15On July 25, in response to the applicant's concern that the respondent was proposing the elimination of the employee group RRSP, a substantial reduction in vacation entitlement, an increase in the probationary period from four to twelve months, and the elimination of existing family leave provisions, the employer proposed a two-tier system at least with respect to the probationary period and vacation entitlement. Mr. Budd testified that the respondent proposed this modification on the basis that it decided to assure existing employees of their current benefits but that new employees would receive less. This reduction for new employees was justified on the basis of the Home's financial position. Mr. Budd testified that the Home was in a deficit position although no reference to any deficit was made in the course of the negotiations. The respondent was of the view that the applicant was aware of the deficit due to the fact that two layoffs had been implemented in December, 1990 in response to financial concerns. Mr. Budd's statement in evidence was not supported by any evidence to indicate the Home's continuing position following the implementation of the layoffs. The longer probationary period was justified on the basis that the workplace was now a union environment where reinstatement of an employee was a possibility. The applicant opposed the implementation of any two-tier system on the basis that it appeared to penalize employees following unionization.

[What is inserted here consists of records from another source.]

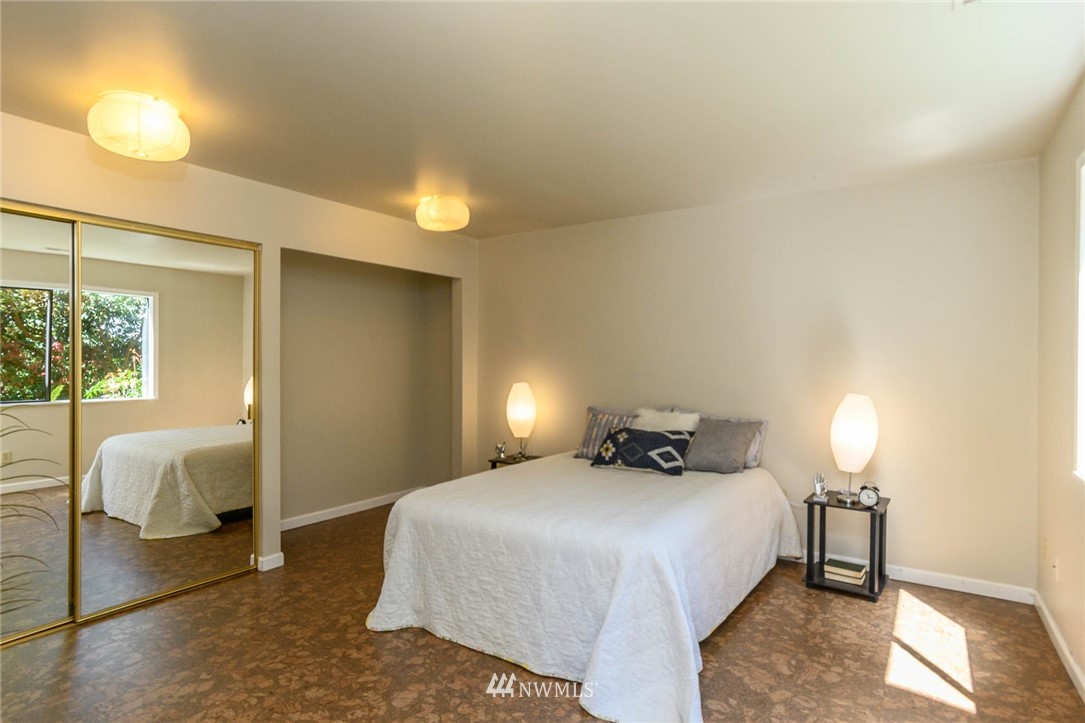 10515 Southwest Cowan Road Vashon, WA 98070 - Photo 14 of 24 Gallery Image 14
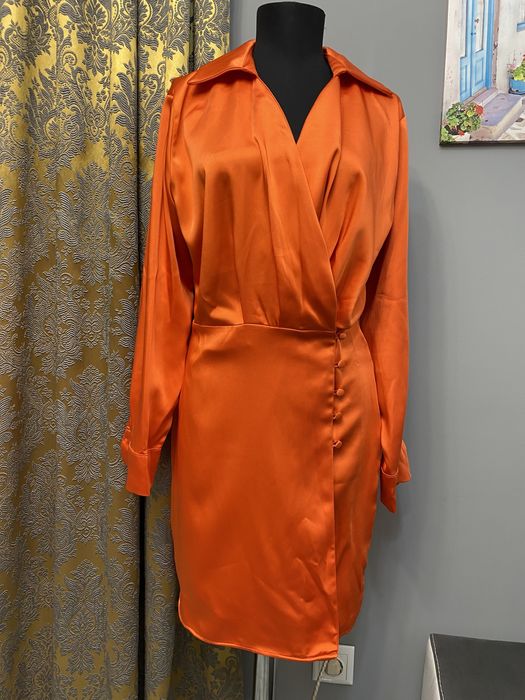 Оранжева сатенена рокля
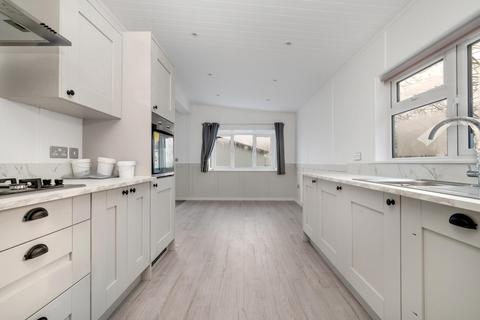 2 bedroom park home for sale, Stamford Park, Bourne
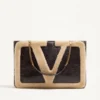 Bolso mediano de compras Valentino Garavani Viva Superstar en piel de oveja. Bolso mediano de compras Valentino Garavani Viva Superstar en piel de oveja.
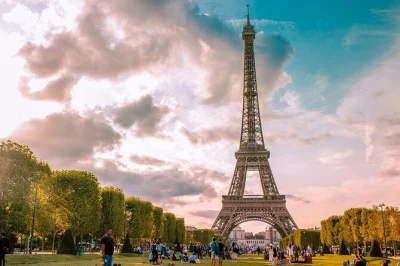 Feel the buzz of paris from the eiffel tower’s 2nd floor or summit, guided by locals and with elevator access included. small group tour, easy booking.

16Following July 25, 1991 Mr. Thompson forwarded a letter to Mr. Budd dated July 29, 1991 indicating that the applicant was interested in resuming negotiations and advising that it felt able to make further movement in a variety of identified areas. Subsequently on August 6, 1991 Mr. Thompson wrote requesting a reply to his letter of July 29. On August 13, 1991 Mr. Budd responded by advising that he would be on vacation until September 9, 1991 and at that time he would be pleased to discuss the matter further. Subsequently, notwithstanding attempts by Mr. Thompson to reschedule dates for negotiation, no further response was forthcoming from the respondent. The parties met in an attempt to resolve the second and outstanding section 91 complaint on September 6, 1991. Mr. Thompson was aware that Mr. Budd was negotiating and available in connection with another matter involving the applicant. Unable to secure further negotiating dates, on September 17, 1991 the applicant staged a one-day walk out, notice of which was provided to the Home approximately two days before. The applicant filed this application for a direction that the first collective agreement be settled by arbitration on September 24, 1992.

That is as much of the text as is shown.